Харальд Серая Шкура встретил нас в Хардангре[53]
, на берегу. Он показался мне старым и усталым. Его шея была опоясана морщинами, а на голове виднелись большие серо-желтые залысины. Вместе с ним на пристань пришла его мать Гуннхильд. Все дети Гуннхильд рано или поздно становились конунгами, поэтому ее так и назвали — Мать Конунгов. Она стояла чуть позади своего рано постаревшего сына, и единственным, что еще жило на ее узком высохшем лице, были подозрительные темные глазки. В длинном, до пят плаще, со сложенными на животе руками, она напоминала ласку — неприметного хищного зверька с коварным умом и злобным нравом.— Вы пришли с миром от конунга данов? — хрипло поинтересовался Серая Шкура. Как я и думал, слухи обогнали даже наш быстрый драккар. Орм спрыгнул на землю и кивнул Трору с Бьерном. Они выволокли на берег увязанную узлом шкуру и развернули ее у ног конунга. На солнце засияли дорогие ожерелья, подвески, диковинная посуда и шитые серебром ткани. Серая Шкуpa упрямо нахмурился, но заблестевшие глаза выдали его радость. «Люди болтают, будто он так скуп, что закапывает все свои сокровища в землю», — негромко шепнул Варин. Я поморщился, но не возразил. Конунг норвежцев был похож на скупца…
— Что же хочет от меня Синезубый? — с трудом отведя взор от рассыпанного на земле золота, спросил Серая Шкура.
Отец склонил голову:
— Он желает мира и добра, конунг. Харальд недовольно передернул плечами:
— С каких это пор? Гуннхильд подалась вперед:
— Синезубый приютил нашего врага, ярла Хакона, какого же мира от него ждать?
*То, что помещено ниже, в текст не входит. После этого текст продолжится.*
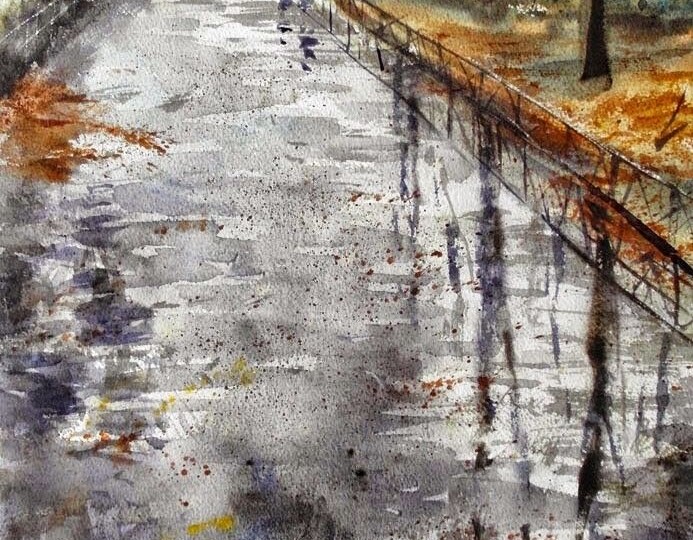 Ангел-хранитель (часть 9)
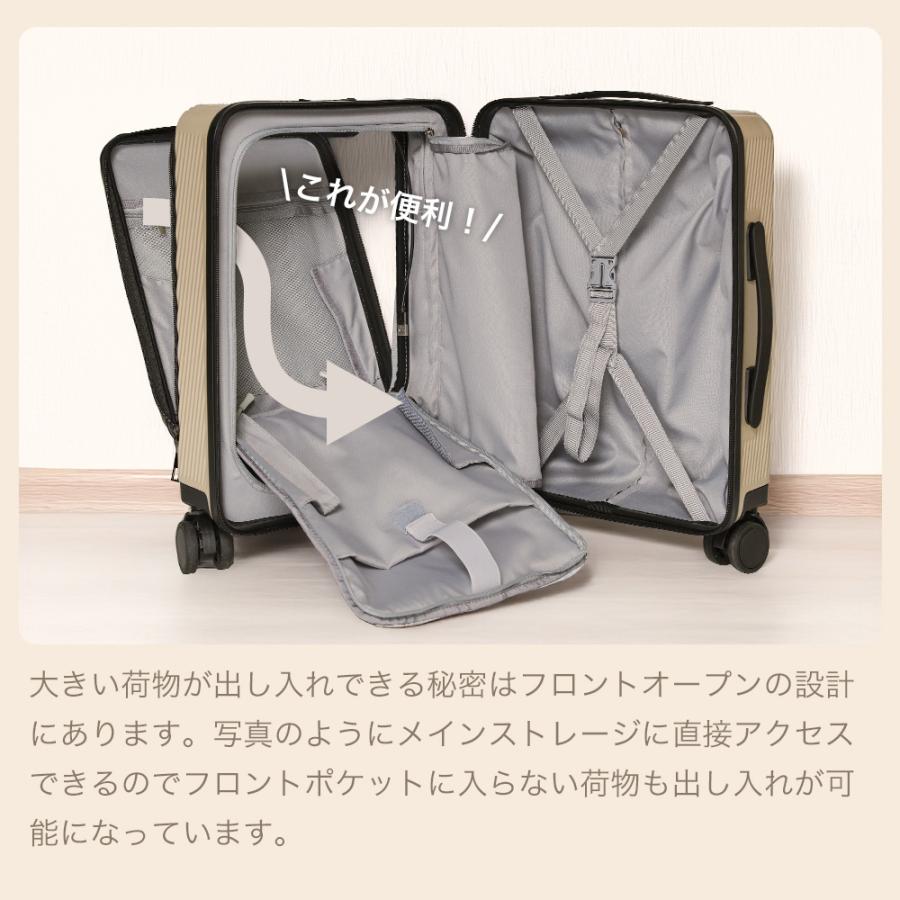 PROEVO スーツケース キャリーケース 機内持ち込み SSサイズ ss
— Он принял обезумевшего от потерь, смертельно больного викинга. Но сам он не враг тебе, конунг, — возразил Орм. — И тебе, Мать Конунгов.
Гуннхильд любила, когда ее так называли. Она гордилась сыновьями. Сморщенное лицо старухи разгладилось. Она приподнялась на носочки и что-то шепнула сыну на ухо. Тот кивнул:
— Я рад посланцам конунга данов. Вас ждут отдых и пир.
Небрежным жестом указав на дары датчанина, он повернулся и пошел прочь. Воины поспешно сгребли золото обратно в шкуру и, покачиваясь от тяжести узла, побежали следом, а мы вернулись к драккару.
— Не нравится мне этот конунг. — Отдуваясь, Черный Трор уселся рядом со мной и невесело поглядел на уходящих по тропе людей. — Если б я не знал, что мы и впрямь привезли добрые вести, немедля убрался бы подобру-поздорову. А то с этой старой крысы станется пустить нас на прокорм Логи-огню!
— Верно, Трор, верно, — загомонили викинги, лишь Эрик легонько хлопнул Трора по плечу: — Хватит ворчать, Черный. Худой мир лучше доброй ссоры! Мы пришли с миром, и Серая Шкура об этом знает.